* About this exercise
Restate word for word the section of the entries that opens at the line containing "パーリーゲイツ PEARLY GATES　メンズ" and closes at the line containing "Mercedes-Benz Sprinter 314", both lines kept, pictures dropped.

* Given records
•••••

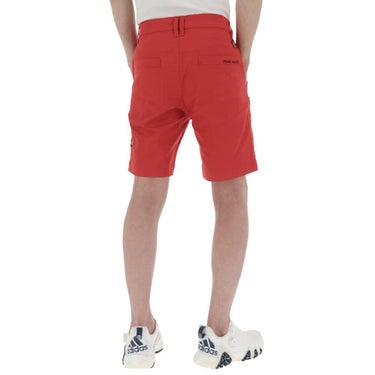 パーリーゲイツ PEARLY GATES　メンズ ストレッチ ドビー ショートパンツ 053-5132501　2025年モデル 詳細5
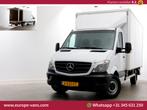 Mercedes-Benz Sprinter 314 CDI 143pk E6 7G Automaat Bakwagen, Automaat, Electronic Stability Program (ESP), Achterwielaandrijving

•••••

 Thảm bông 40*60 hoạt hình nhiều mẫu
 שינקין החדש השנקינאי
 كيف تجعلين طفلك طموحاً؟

•••••

* Reply
 パーリーゲイツ PEARLY GATES　メンズ ストレッチ ドビー ショートパンツ 053-5132501　2025年モデル 詳細5
 Mercedes-Benz Sprinter 314 CDI 143pk E6 7G Automaat Bakwagen, Automaat, Electronic Stability Program (ESP), Achterwielaandrijving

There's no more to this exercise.